Now though I'd say it's a bigger risk. There wasn't much chance of loosing money with Apple back then compared to the gains. Now though the iPhone could fail at some point, phones are a very risky market and peoples interests change. And where is the growth going to come from? A recent forum topic on the next OS X seemed to only contain features from Windows 7, and Apple TV doesn't look like it's going to make a huge amount in the future. It could be TV's but then the iPod HiFi failed so what's to say a TV wont as well.
post #47 of 53
Quote:
Originally Posted by Dr Millmoss View Post

The investment of cash returns very little, especially in the current interest rate environment. Either way, Apple is not a bank. They are not in the business of becoming an investment management company (hardly their core competence). Profits are supposed to be capitalized, used to grow the business they are in. Apple's ROI is so huge now that they cannot possibly reinvest even a tiny fraction of their cash reserves in this way, let alone the billion or more which pours in every month.

As problems go, it's a great one to have, but I do find myself constantly reminding people that Apple is NOT in the business of accumulating cash. It has little value to the company if it is not spent, and none to stockholders if it's not returned in the form of a dividend. (For the record, I'm not a fan of stock buybacks.)

And people keep reminding you that Apple's competitors also have significant warchests.

Picking a cash chart randomly using google:

http://ycharts.com/calculations/rank...y/cash_on_hand

Apple ranks 4th behind Cisco, MS and Google. Given that AAPL and GOOG appear to be at odds in at least one significant growth market (smart phones) and APPL has challenged GOOG in the ad market then the $24B that APPL holds is reasonable in any strategic battle between the two companies.

Your position is that CSCO, MSFT, GOOG, AAPL, ORCL, INTC, HP, IBM, DELL...systemically across the entire technology sector...are fools for holding billions in cash because they aren't a bank. Even dinkly little Red Hat is sitting on $800M in cash (4 years worth of revenue).

So either all these CFOs are clueless and somehow don't understand that cash has "little value to the company" or you are missing some key advantage of holding significant cash in a tech company.

Gee, I wonder which scenario is the more likely?

Just because you can't imagine a good use for billions doesn't mean that use doesn't exist or having that kind of war chest has no value.

GOOG showed the value of a huge war chest in compelling other companies to do what they otherwise wouldn't do just to make sure that GOOG stays away. They bid $4.6B on spectrum just so that Verizon and AT&T in order to trigger open handset and open app terms came into play. The threat isn't compelling just to have enough to bid $4.6B and win spectrum but sufficient ability to spend the capex to directly compete against VZW and AT&T. They were prepared to win AND use it. You can't do that with "a few hundred million".

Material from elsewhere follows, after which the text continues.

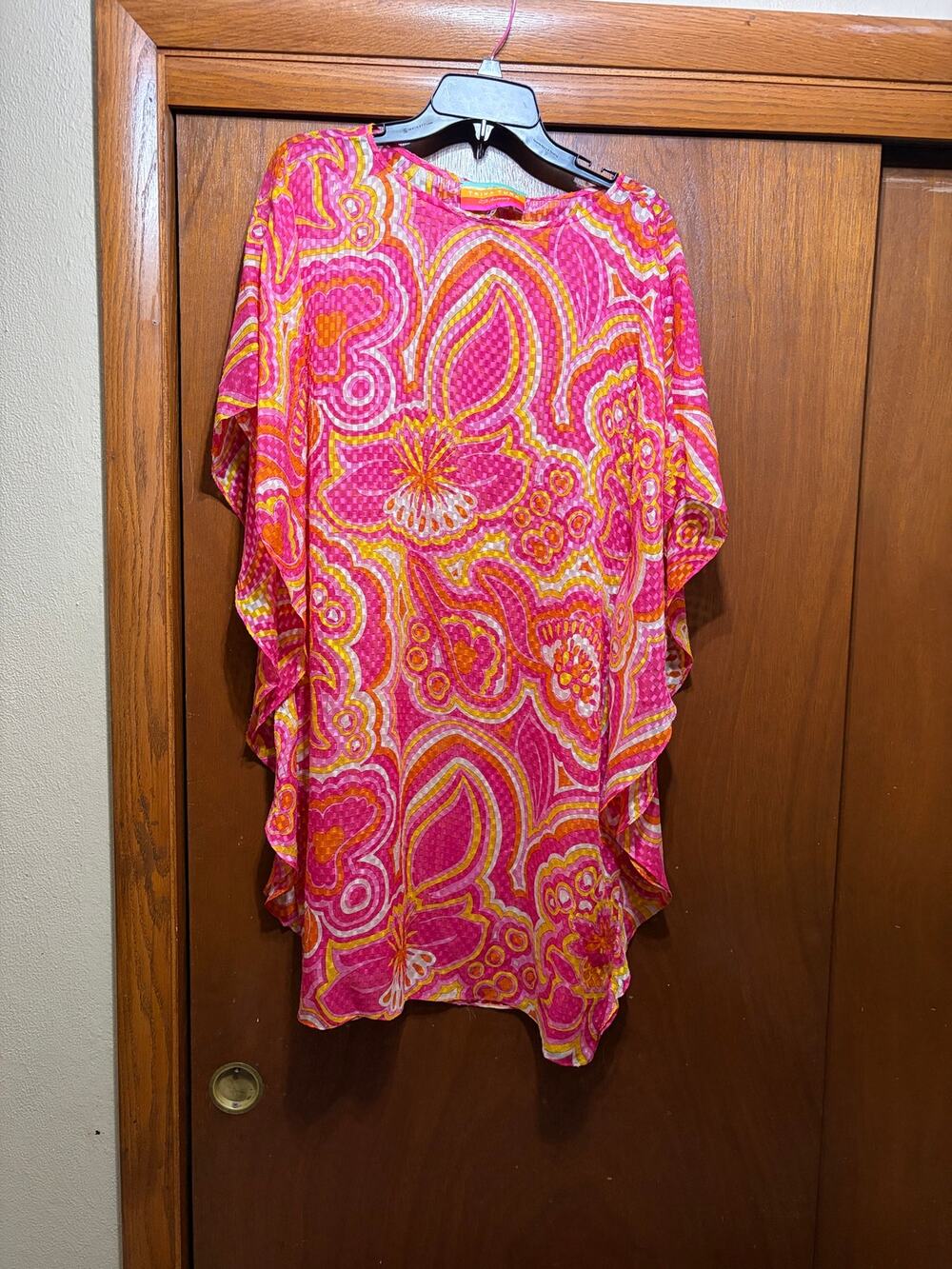 NWT Trina Turk 25th Anniversary Pink Orange Floral Tunic Dress M Resort Boho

http://news.cnet.com/8301-10784_3-9910932-7.html
post #48 of 53
Quote:
Originally Posted by nht View Post

And people keep reminding you that Apple's competitors also have significant warchests.

And this is changes anything I've actually said?

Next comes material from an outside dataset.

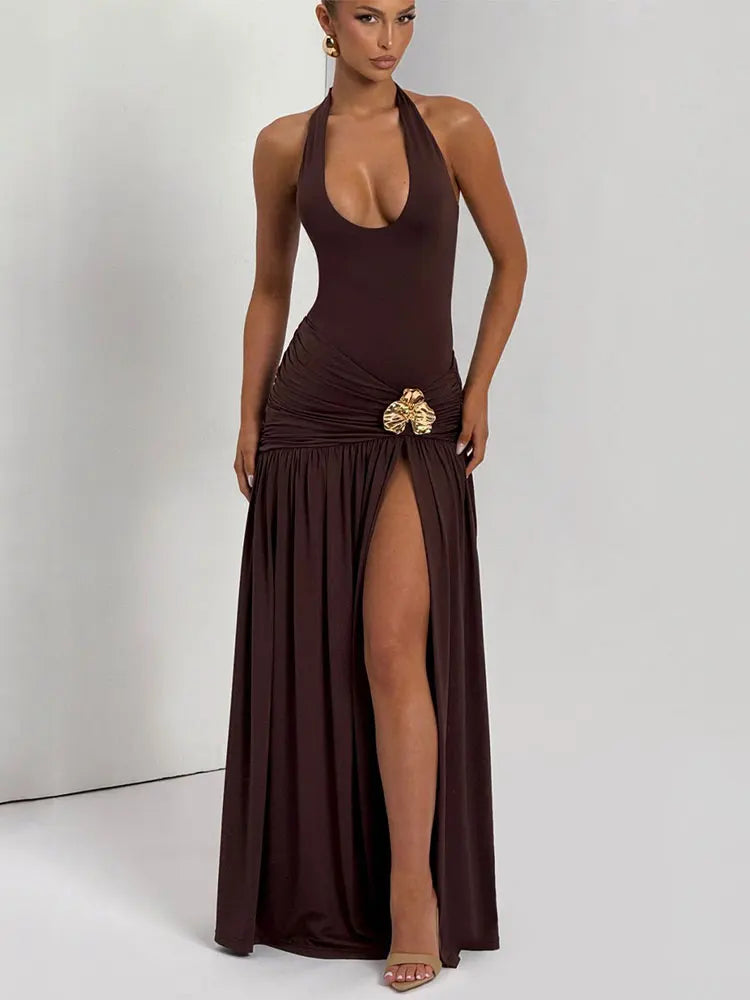 Elegant Backless Sexy Maxi Dress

I am a very significant stockholder of AAPL, in terms of my own portfolio, so this is my concern. If I was stockholder in the other companies, I'd be concerned about them stockpiling dollars for no clear purpose too. (Actually I do have some ORCL.) More to the point, the fact that other companies stockpile cash for no apparent business reason does not make it good for stockholders.

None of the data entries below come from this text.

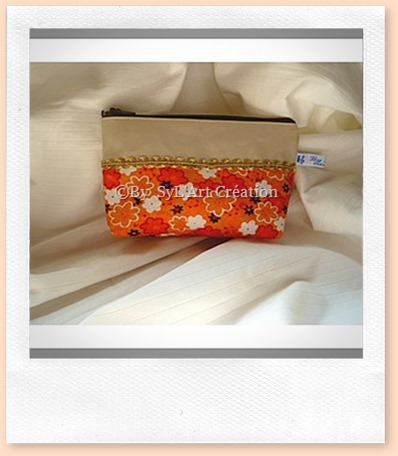 Trousse Flowers Orange 1 Trousse Flowers Orange 1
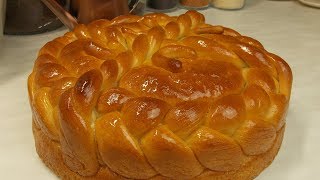 Slavski kolač za početnike (posno) Br.4 - Ritual Bread No 4 (vegan)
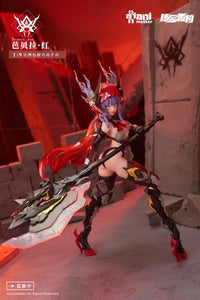 Thunderbolt Squad Barbera Red Mecha Girl (Nuclear Gold Reconstruction) 1/9 Scale Action Figure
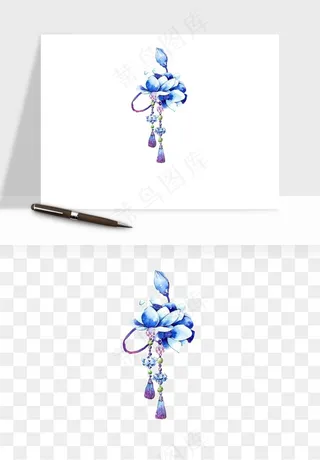 古风发簪头饰配饰png免抠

The "war chest" term is simply a convenience. It sounds purposeful, but is not necessarily a description of reality. Even the most extreme example you can think of in which even a portion of it is used (more like waved around), amounts less than 10% of Apple's cash on hand, and to put it in even better perspective, amounts to only three or four months of cash accumulation at the present rate (which again, is steadily increasing). I continue to repeat this because apparently perspective is lacking in those who seem to believe that the goal of business is piling up big gobs of unused cash.

I never said anyone was clueless or fools. I also did not say the cash had no value. I specifically and deliberately said that it little value. If you want to debate these points, please stick to what I've actually said.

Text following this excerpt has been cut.